*Exercise details:* The whole listing below must be printed again exactly, images excluded.

*Data excerpt:*
━━━━

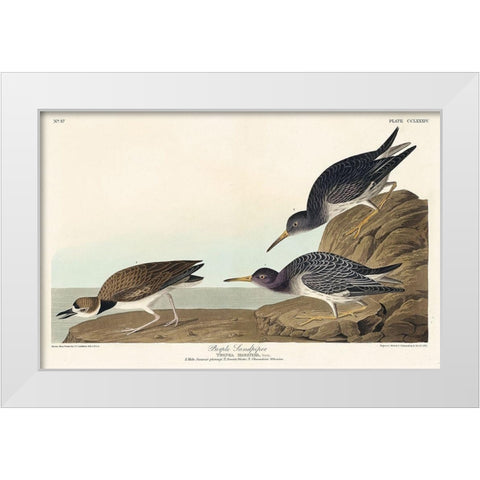 Purple Sandpiper White Modern Wood Framed Art Print by Audubon, John James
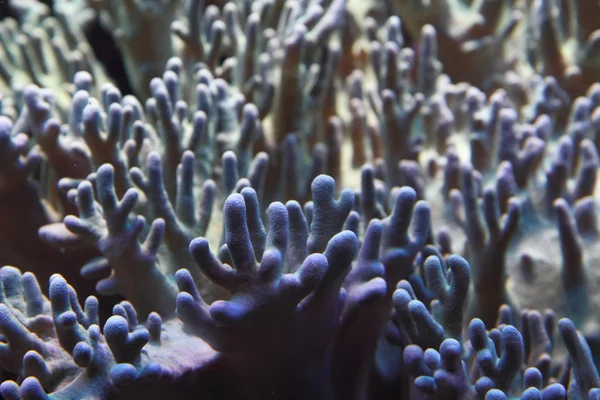 Korallenhintergrund — Stockfoto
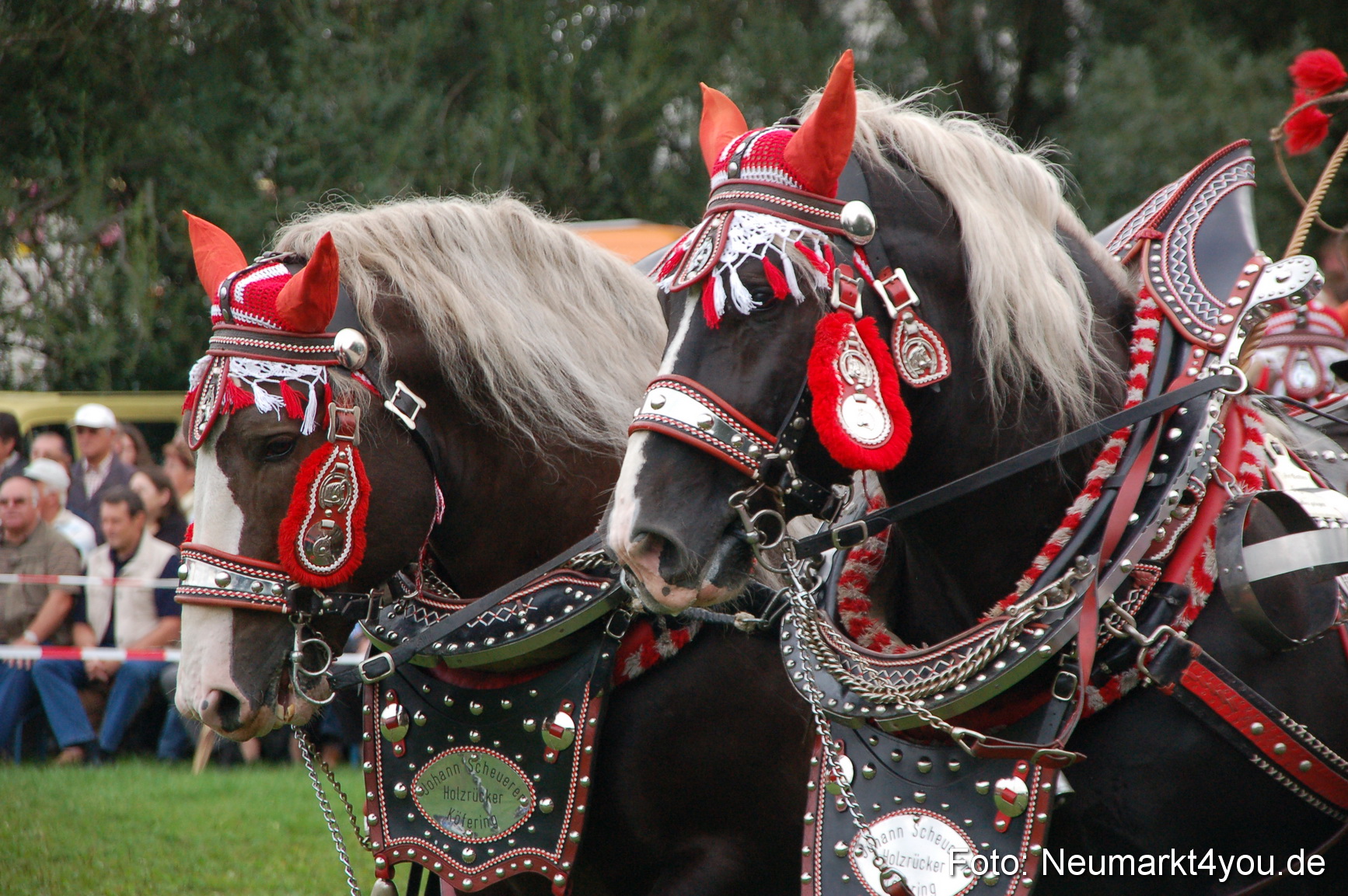 0196 Pferde Fohlenschau 200807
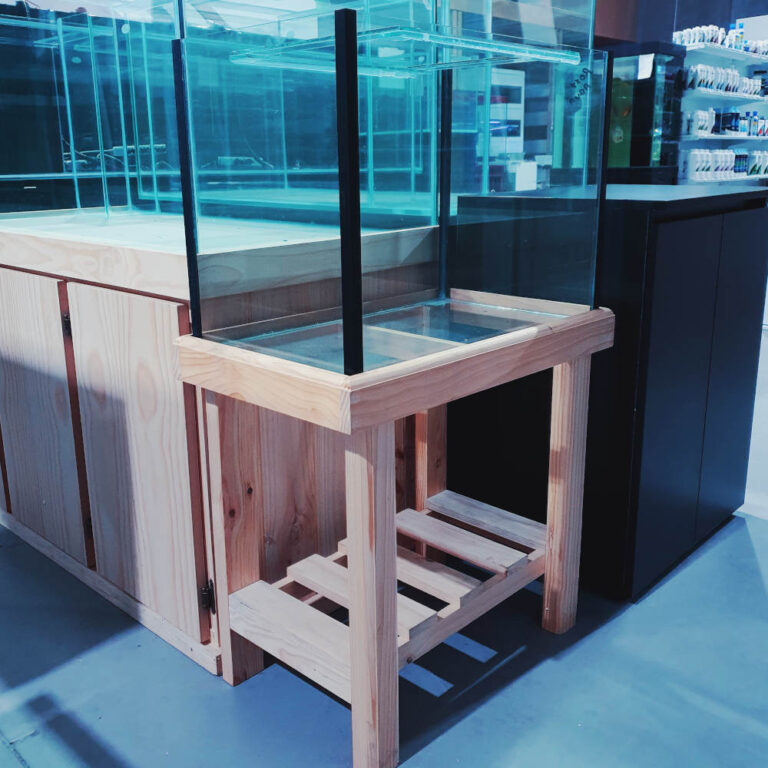 Glass display aquarium on a light wooden stand in a retail setting, empty and ready for setup.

━━━━

*Solution to the exercise:*
 Purple Sandpiper White Modern Wood Framed Art Print by Audubon, John James
 Korallenhintergrund — Stockfoto
 0196 Pferde Fohlenschau 200807
 Glass display aquarium on a light wooden stand in a retail setting, empty and ready for setup.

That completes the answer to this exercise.